| Supplied data |
»»
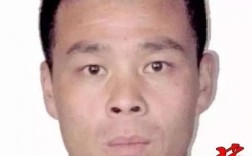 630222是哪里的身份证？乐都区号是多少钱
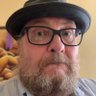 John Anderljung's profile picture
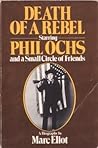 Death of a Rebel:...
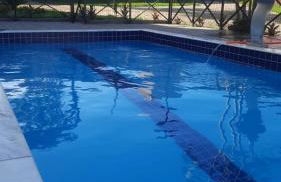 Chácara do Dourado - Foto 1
««
»»
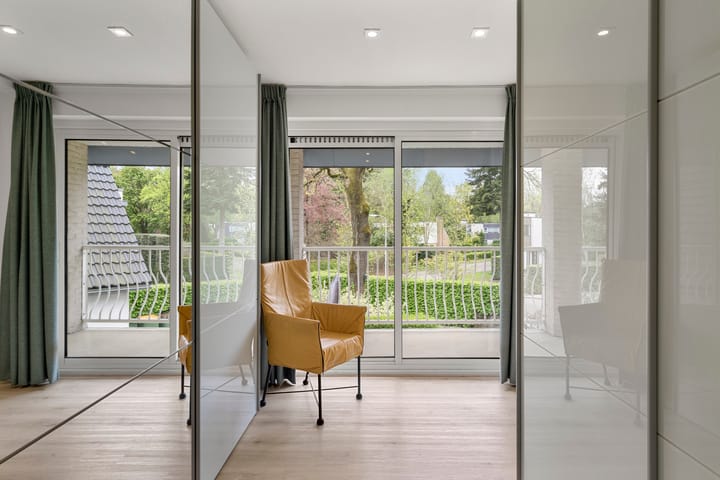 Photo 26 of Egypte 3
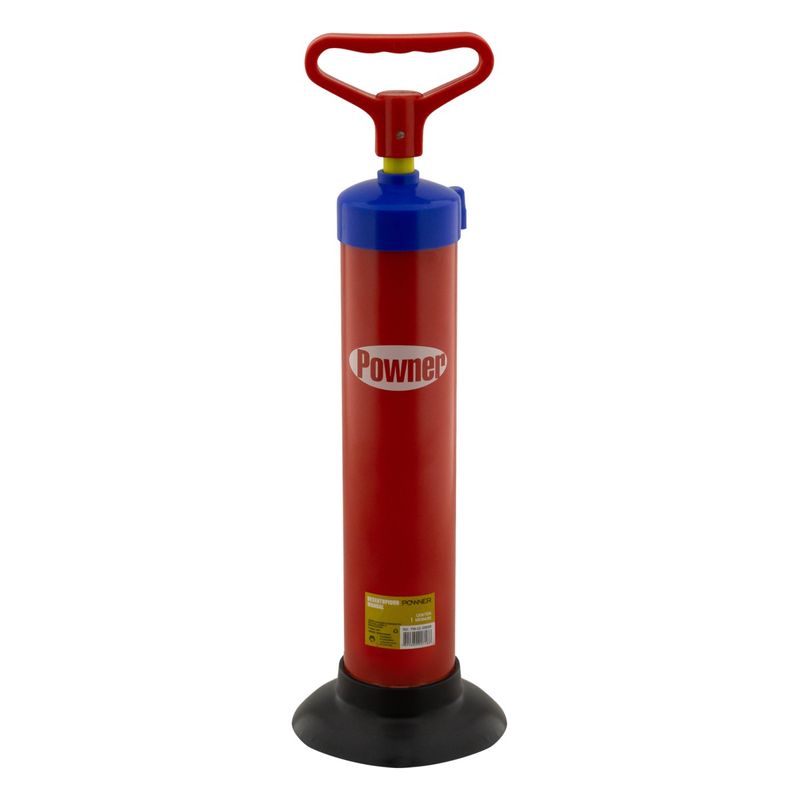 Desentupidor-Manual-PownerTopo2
««
| What you will do |
Leaving out the pictures, please output the lines in the entries above from the one with "Photo 26 of Egypte 3" through the one with "Desentupidor-Manual-PownerTopo2", exactly as they are.

| Solution for this exercise |
 Photo 26 of Egypte 3
 Desentupidor-Manual-PownerTopo2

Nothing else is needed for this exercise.